The LWP’s handling of mathematical formulae evolves

The LWP's Blog · Categories: LWP meta, Technology and infrastructure

The LWP’s handling of mathematical formulae evolves

By Michele Lavazza · 21 January 2025

The way mathematical and logical notation is handled on the website of the Ludwig Wittgenstein Project recently changed. The new method allows for faster loading of pages and better overall stability, but it required some updates to our ebook export feature.

Maintenance is key

A website requires a lot of maintenance to remain functional and secure.

Even the simplest, static HTML websites run on servers which need to stay up-to-date. This means for them to receive updates, at the very least, to the operating system (for example, Ubuntu) and to the web server software (for example, Apache).

The Ludwig Wittgenstein Project is powered by MediaWiki, the same piece of software which also powers Wikipedia and its sister projects.

MediaWiki is a relatively complex and very powerful system that is optimised to create and manage collaborative knowledge bases and open content repositories. It is written in PHP and relies on a database to store its textual content. Its development is coordinated by the Wikimedia Foundation, but its free and open-source nature entails that many independent programmers also work on maintaining and expanding its functionalities.

As a sophisticated piece of software which is developed by a lively community, MediaWiki is constantly updated: a new version is released every six months, and one in four of those is a “long-term support” (LTS) version, which is guaranteed to receive security updates for three years. Updating MediaWiki from one version to the next is not entirely trivial, and so we at the LWP only use LTS versions: the website currently runs MediaWiki 1.39, the legacy LTS version, which will be supported until November 2025, and it will be upgraded to MediaWiki 1.43, the current LTS version, before then.

The “Math” extension

One of the distinctive features of MediaWiki is its extensibility. There is a rich ecosystem of plugins, or extensions, which expand the functionalities of the MediaWiki core. Some ship together with the “vanilla” package, while others can be installed by the administrators of an individual wiki so as to add this or that feature to their website and customise it in a modular way.

One of the extensions the LWP’s wiki relies on is “Math”, which is used to accurately and elegantly display complex mathematical and logical formulae. This is vital to producing high-quality editions of some of the texts which are available on this website, such as the Notes on Logic and the Tractatus Logico-Philosphicus.

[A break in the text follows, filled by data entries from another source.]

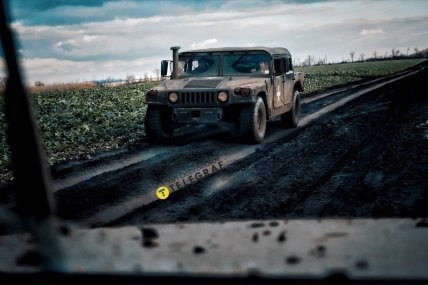 Дороги на Лиманском направлении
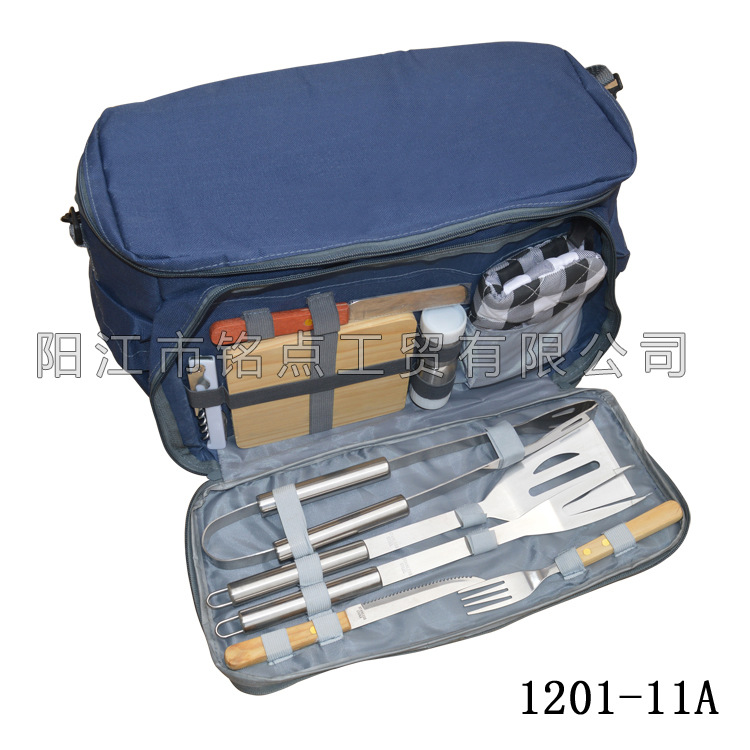 Supply Multi-Piece Combination Ice Bag Grill Bbq Ice Bag Barbecue Set Ice Bag Camping Outdoor Tools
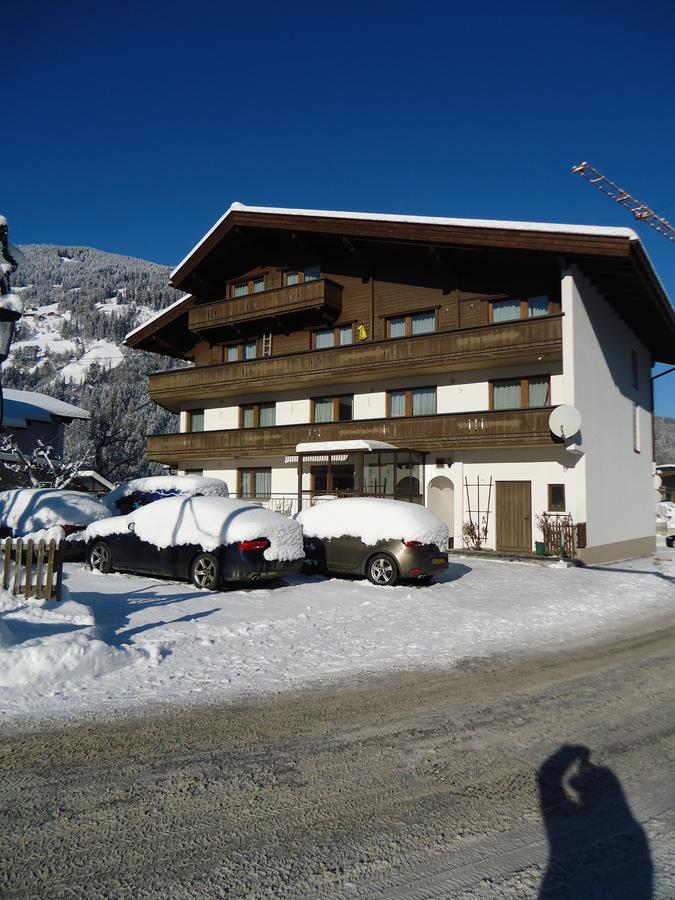 Gaestehaus Birkenheim Zell am Ziller Exterior photo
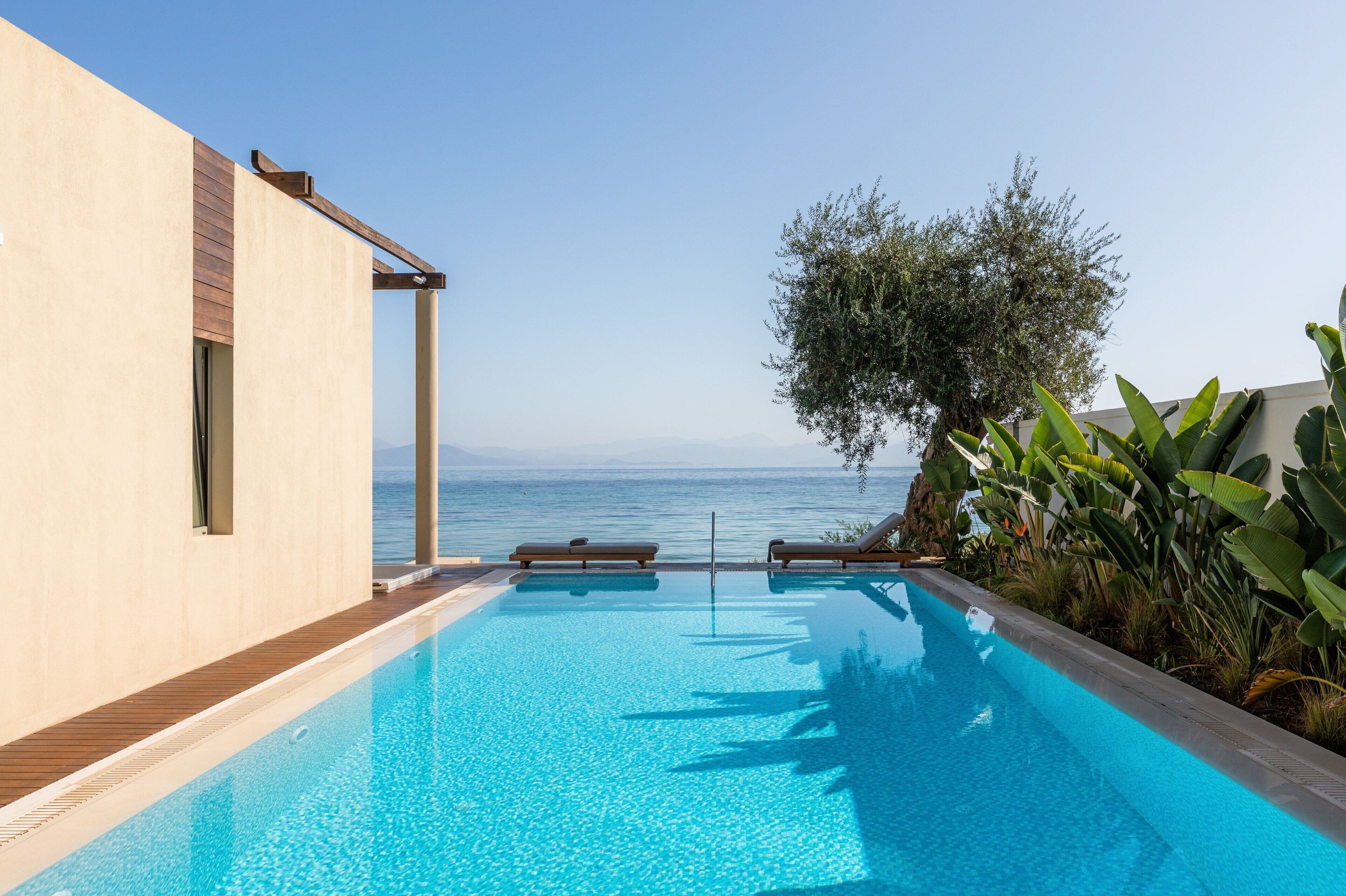 Domes Miramare, a Luxury Collection Resort, Corfu Domes Miramare, a Luxury Collection Resort, Corfu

If extension “Math” is installed on a wiki, its editors can use LaTeX syntax in the page’s source code, and their formulae will be displayed in a beautiful and accessible format. For example,

<math>
a + \sqrt{b} = c^2
</math>

produces the following output:

[math]\displaystyle{ a + \sqrt{b} = c^2 }[/math]

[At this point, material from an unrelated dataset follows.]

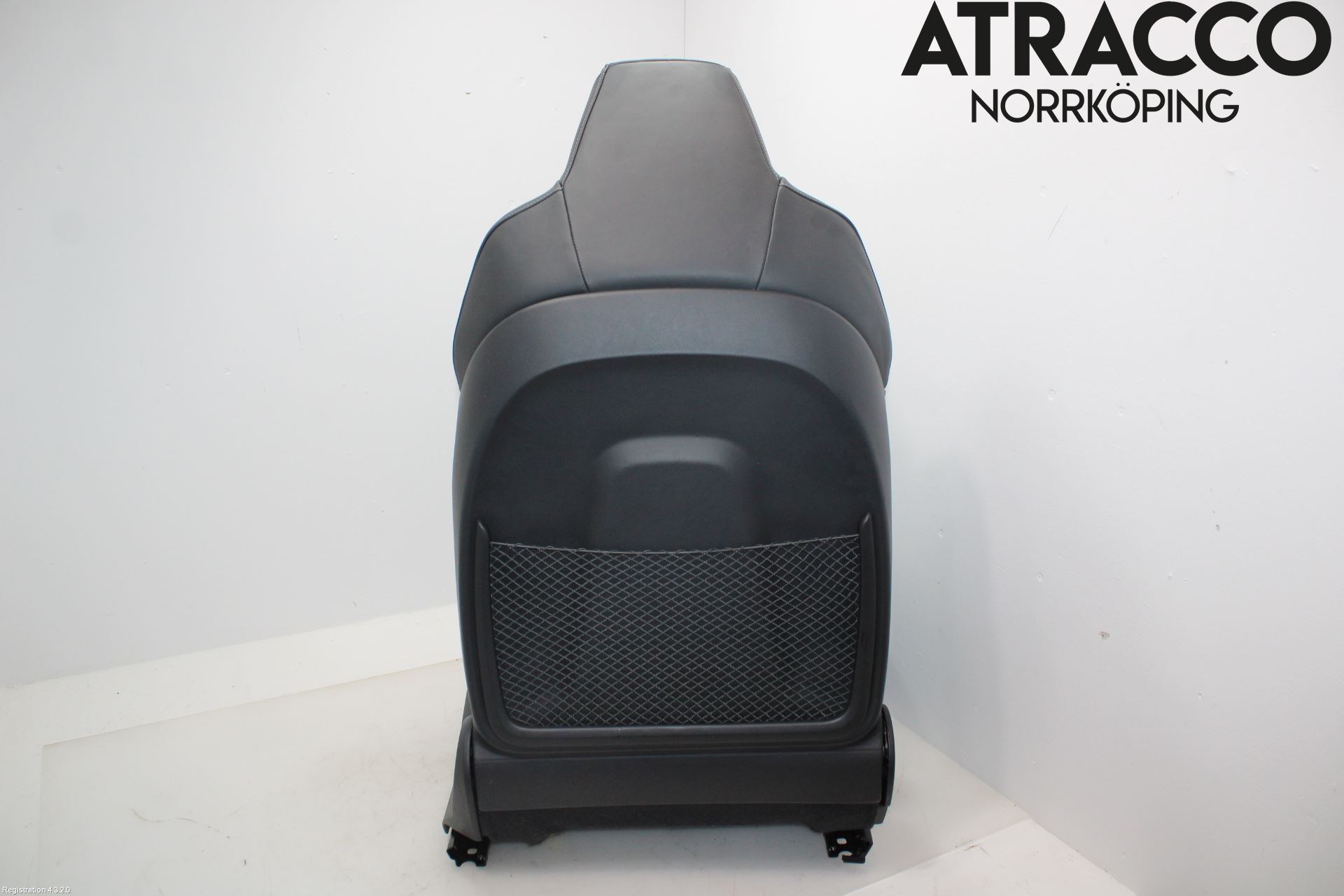 Audi Q7/SQ7 Innr Sete Foran Venstre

Extension “Math” has evolved significantly between MediaWiki 1.39 (November 2022) and MediaWiki 1.42 (June 2024).

Up until 1.39, in the configuration which was adopted on our website, the extension relied on Wikimedia’s so-called “Mathoid” service to convert the LaTeX source code into the visual rendition of the formula. In other words, the MediaWiki site (for example, the LWP’s site) would send a request to the Wikimedia servers via an API; the Mathoid service, running on the Wikimedia servers, would perform the rendering; the rendered formula would be sent back to the MediaWiki site as an SVG image; and it would then simply be displayed as an image in the user’s browser.

MediaWiki Math extension with Mathoid.png

For the LWP, this system mostly worked. Sometimes, however, the communication between our website and the remote Wikimedia servers would fail, and an ugly error message would be displayed instead of the formula. This outcome would be likelier in the case of pages with relatively many formulae (for example, the Tractatus editions). Moreover, even when the communication was successful, it would increase the loading time of the page significantly. In the case of long pages with very many formulae (for example, the multilingual side-by-side view of the Tractatus), the process would often timeout and the page would then fail to load altogether.

The “SimpleMathJax” extension

This made us realise we needed to find a better solution even before we realised that MediaWiki developers were themselves planning to move away from Mathoid. We then decided to switch to a different MediaWiki extension to handle mathematical formulae, that is, SimpleMathJax.

The way SimpleMathJax works is different from the process I described above in that there is no communication between the LWP’s site and the Wikimedia servers. When the page is loaded, the rendering of the formula is performed client-side, in the user’s web browser, thanks to the “MathJax” JavaScript library.

MediaWiki Math extension with MathJax.png

This solution is very stable, and the output is as pretty and as accessible as the Mathoid-generated version. Moreover, the loading times are much faster than they were before.

There was still, however, one problem…

The LWP’s ebook export feature

Back in summer 2023, thanks to the help of our good friend and developer extraordinaire Frederic Kettelhoit, we released an ebook export feature on the LWP’s website.

As I often repeat when I talk about the LWP’s technical infrastructure and distribution strategy, the website is king. This means that the LWP’s editions are best consulted directly on the website, where they are:

  • Always up-to-date (and thus reflect the latest improvements or corrections);
  • Accessible to screen readers;
  • And fully mobile-responsive.

However, there are clearly some contexts where it is important for the users to be able to read the texts offline.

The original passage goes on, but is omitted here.